##### GIVEN RECORDS
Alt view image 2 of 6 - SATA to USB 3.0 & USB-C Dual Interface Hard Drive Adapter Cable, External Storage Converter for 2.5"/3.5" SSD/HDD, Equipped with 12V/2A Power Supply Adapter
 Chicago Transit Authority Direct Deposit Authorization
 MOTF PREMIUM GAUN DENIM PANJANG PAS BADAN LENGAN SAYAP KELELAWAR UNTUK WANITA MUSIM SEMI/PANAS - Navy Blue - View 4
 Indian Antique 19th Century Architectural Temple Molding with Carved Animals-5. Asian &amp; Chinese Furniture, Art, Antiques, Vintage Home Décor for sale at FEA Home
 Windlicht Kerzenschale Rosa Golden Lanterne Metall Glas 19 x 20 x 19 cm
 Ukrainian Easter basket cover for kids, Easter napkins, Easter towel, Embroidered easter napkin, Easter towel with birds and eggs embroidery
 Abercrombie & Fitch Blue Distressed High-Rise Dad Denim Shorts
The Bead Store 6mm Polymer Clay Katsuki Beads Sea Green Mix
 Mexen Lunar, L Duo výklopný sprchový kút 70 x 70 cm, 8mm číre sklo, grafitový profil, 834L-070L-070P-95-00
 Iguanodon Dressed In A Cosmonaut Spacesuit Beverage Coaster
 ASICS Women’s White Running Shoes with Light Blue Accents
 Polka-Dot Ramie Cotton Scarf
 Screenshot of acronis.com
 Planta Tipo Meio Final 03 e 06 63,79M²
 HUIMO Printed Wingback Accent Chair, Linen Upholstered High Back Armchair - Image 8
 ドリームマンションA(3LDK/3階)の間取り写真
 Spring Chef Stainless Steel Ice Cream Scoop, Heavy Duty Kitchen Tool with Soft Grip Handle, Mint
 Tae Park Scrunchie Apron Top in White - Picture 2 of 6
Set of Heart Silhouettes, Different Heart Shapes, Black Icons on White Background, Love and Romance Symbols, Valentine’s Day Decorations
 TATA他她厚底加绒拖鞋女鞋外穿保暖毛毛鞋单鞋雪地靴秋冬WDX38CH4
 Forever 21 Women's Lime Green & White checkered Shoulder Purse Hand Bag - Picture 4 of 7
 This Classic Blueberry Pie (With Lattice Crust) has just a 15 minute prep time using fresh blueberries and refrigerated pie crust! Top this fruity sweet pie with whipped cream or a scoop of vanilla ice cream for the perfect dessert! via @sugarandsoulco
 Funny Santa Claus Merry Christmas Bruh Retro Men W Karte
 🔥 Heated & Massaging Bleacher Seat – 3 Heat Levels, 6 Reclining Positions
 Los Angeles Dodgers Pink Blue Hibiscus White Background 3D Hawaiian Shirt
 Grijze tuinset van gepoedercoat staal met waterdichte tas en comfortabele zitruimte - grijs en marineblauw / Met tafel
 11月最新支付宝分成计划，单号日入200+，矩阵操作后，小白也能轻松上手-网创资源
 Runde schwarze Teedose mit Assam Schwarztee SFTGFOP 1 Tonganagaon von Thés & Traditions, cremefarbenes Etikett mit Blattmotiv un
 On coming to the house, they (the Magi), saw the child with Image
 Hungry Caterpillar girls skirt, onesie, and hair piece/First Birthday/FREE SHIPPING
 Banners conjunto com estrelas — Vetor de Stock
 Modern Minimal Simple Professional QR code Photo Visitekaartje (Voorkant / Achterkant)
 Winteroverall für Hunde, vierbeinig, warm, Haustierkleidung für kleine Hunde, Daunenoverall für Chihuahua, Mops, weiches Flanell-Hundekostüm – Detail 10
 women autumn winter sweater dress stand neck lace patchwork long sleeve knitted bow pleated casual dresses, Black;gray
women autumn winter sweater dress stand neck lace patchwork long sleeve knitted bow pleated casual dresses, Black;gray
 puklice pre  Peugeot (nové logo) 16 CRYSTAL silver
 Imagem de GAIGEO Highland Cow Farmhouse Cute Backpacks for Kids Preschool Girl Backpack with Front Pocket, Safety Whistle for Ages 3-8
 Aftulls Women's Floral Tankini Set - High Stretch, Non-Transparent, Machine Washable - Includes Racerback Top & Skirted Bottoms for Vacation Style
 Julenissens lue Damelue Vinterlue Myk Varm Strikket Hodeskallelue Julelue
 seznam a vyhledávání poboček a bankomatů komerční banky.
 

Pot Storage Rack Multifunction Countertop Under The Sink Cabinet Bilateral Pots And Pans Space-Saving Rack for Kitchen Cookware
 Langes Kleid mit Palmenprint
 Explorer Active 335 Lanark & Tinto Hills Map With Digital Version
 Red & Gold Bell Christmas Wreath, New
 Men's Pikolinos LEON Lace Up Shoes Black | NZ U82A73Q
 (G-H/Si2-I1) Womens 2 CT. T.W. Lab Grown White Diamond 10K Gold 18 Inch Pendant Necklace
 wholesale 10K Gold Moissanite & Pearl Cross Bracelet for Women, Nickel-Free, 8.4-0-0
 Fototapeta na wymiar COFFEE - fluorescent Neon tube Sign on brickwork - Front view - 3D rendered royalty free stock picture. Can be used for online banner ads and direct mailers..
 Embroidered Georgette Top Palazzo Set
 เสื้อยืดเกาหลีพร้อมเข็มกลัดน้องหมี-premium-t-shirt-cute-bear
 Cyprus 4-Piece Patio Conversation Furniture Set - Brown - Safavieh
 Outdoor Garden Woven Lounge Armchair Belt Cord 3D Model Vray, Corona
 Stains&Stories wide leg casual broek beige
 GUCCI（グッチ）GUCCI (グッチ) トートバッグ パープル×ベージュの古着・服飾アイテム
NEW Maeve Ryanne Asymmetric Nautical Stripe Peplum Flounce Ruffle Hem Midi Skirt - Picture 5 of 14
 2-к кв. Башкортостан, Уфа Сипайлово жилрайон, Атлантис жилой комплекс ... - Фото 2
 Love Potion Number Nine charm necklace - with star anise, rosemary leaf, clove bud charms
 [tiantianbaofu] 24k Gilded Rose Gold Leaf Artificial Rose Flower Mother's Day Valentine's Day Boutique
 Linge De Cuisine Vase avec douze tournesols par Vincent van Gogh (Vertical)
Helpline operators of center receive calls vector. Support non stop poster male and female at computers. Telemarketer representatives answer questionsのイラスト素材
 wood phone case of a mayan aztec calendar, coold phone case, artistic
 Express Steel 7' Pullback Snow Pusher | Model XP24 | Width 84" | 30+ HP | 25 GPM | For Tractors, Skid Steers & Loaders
##########
* **ACTIVITY**:
Find the word "Front" in the entries and show each line where it is found.

* **SOLUTION TO THIS PROBLEM**:
 Imagem de GAIGEO Highland Cow Farmhouse Cute Backpacks for Kids Preschool Girl Backpack with Front Pocket, Safety Whistle for Ages 3-8
 Fototapeta na wymiar COFFEE - fluorescent Neon tube Sign on brickwork - Front view - 3D rendered royalty free stock picture. Can be used for online banner ads and direct mailers..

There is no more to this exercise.